A time-series database (TSDB) is purpose-built for append-heavy, time-ordered metric data. Its key design decisions — chunk storage, timestamp and value compression, continuous aggregation, and tiered retention — are all driven by the access pattern: writes are always at the current time, and reads scan backward over recent data at varying resolutions.
Chunk Storage Architecture
Data is partitioned into time-based chunks per metric. A chunk represents a fixed time window (e.g., 8 hours) for a single metric or metric+label combination. Typical chunk lifecycle:
- Active (in-memory): newly arriving data points are buffered in the current chunk in RAM.
- Sealed: when the time window closes or the chunk hits a size limit, it is compressed and flushed to disk as an immutable block.
- Tiered: sealed chunks age through hot → warm → cold storage tiers based on retention policy.
Chunk granularity is a key tuning parameter. Smaller chunks (1–2 hours) give finer-grained retention and faster deletion but increase metadata overhead. Larger chunks (12–24 hours) reduce metadata and improve scan efficiency but hold memory longer.
Timestamp Compression: Delta-of-Delta Encoding
Raw timestamps are 64-bit integers (nanoseconds since epoch). Storing them raw is wasteful for regular-interval series.

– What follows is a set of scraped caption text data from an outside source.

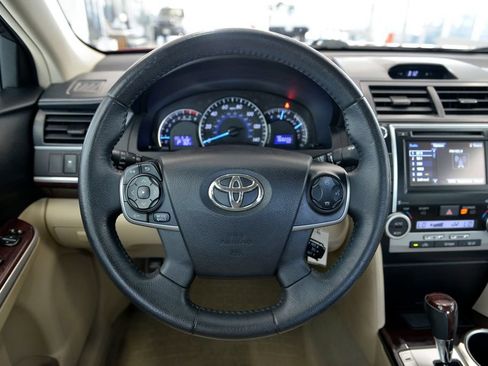 Used 2014 Toyota Camry XLE FWD image 18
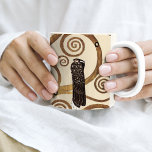 Der Baum des Lebens von Gustav Klimt Zweifarbige Tasse<br><div class="desc">Eine schöne Tasse mit dem symbolischen Gemälde von Gustav Klimt (1862-1918),  Der Baum des Lebens (C.1909). Ein abstrakte eines Baumes mit wirbelnden Ästen. Eines von drei Kunstwerken der Stoclet-Frieze,  die für das Palais Stoclet in Brüssel,  Belgien,  in Auftrag gegeben wurde.</div>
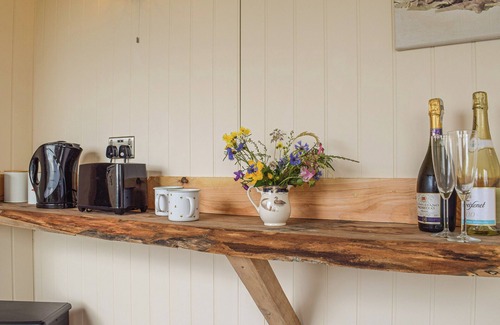 Caersws Cottage | The Cider Pressers Hut-UK39773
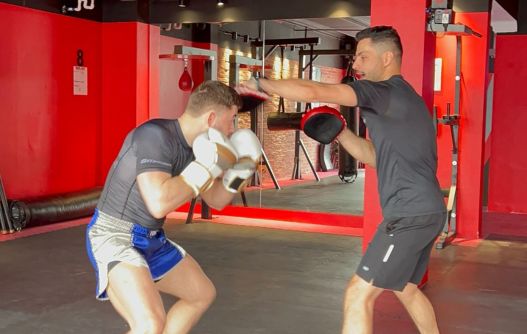 kickboxing-classes-for-men-in-Dubai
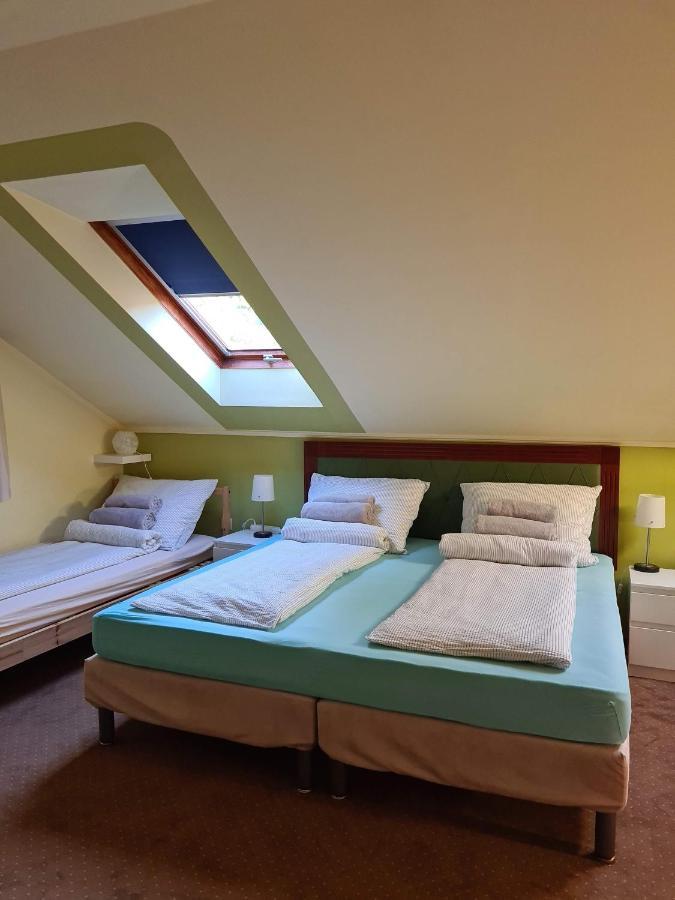 Palantir Panzio Bed & Breakfast Miskolc Bagian luar foto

Delta encoding: store the difference between consecutive timestamps instead of absolute values. For a 15-second interval, every delta is 15,000,000,000 nanoseconds — a repeating constant.

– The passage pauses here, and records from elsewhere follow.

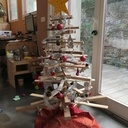 Un sapin de plus, des chutes en moins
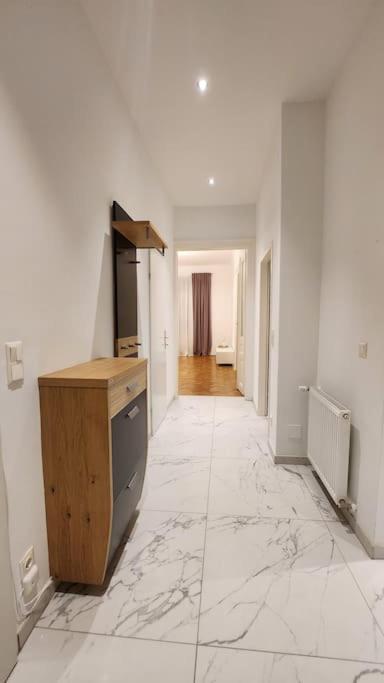 City Apartment (1km to the 1st District)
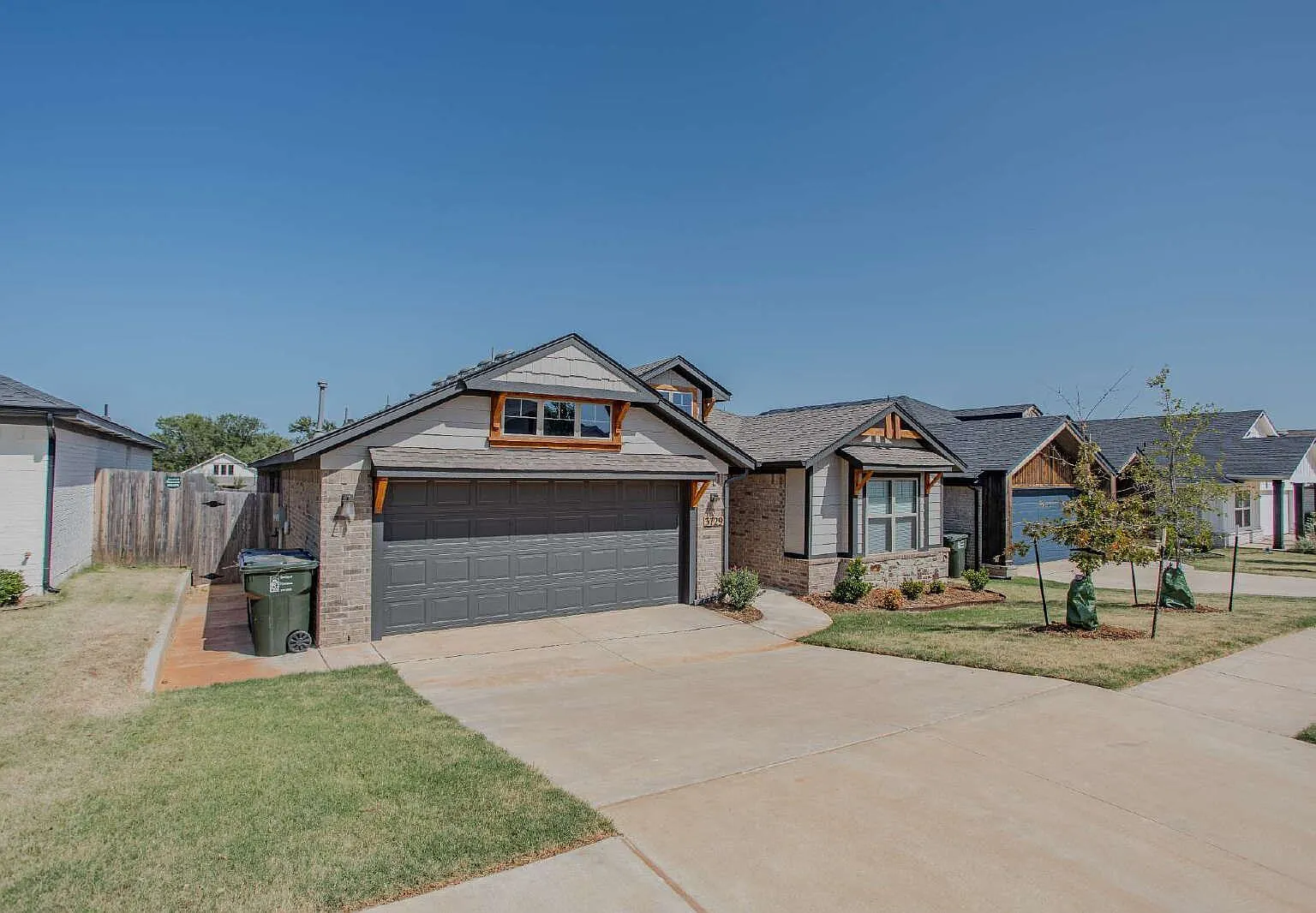 3 bed, 2.0 bath, 2136 sqft, $2,300 — Photo 3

Delta-of-delta encoding: store the difference between consecutive deltas. For a perfectly regular series, all delta-of-delta values are 0. These zeros are encoded with a small number of bits using a variable-length scheme:
- Delta-of-delta = 0: encode as a single 0 bit.
- Small delta-of-delta (within ±63): encode with 2-bit prefix + 7-bit value = 9 bits.
- Larger values: progressively wider encodings.
In practice, this compresses timestamps for regular-interval series to ~1.4 bits per sample.
Value Compression: XOR (Gorilla Algorithm)
Consecutive float64 metric values (e.g., CPU utilisation over time) tend to be similar, meaning they share high-order bits.
Algorithm per value:
- XOR the current float64 with the previous float64.
- Compute leading zero count (lzc) and trailing zero count (tzc) of the XOR result.
- If lzc ≥ previous lzc and tzc ≥ previous tzc, reuse the previous block length (1-bit flag).
- Otherwise, encode lzc (5 bits), block length (6 bits), and the meaningful bits of the XOR result.
For slowly changing metrics, meaningful blocks are 10–20 bits, versus 64 bits raw — a 3–6x compression ratio on values before applying a general-purpose compressor (e.g., Snappy or Zstd) on top.
Write Path
- Incoming data point (metric_id, timestamp, value) is routed to the active in-memory chunk for that metric.
- The data point is appended to the chunk's write buffer (uncompressed for fast append).
- WAL entry written for crash recovery.
- When the chunk's time window closes, the write buffer is compressed (delta-of-delta + XOR) and the sealed chunk is written to disk.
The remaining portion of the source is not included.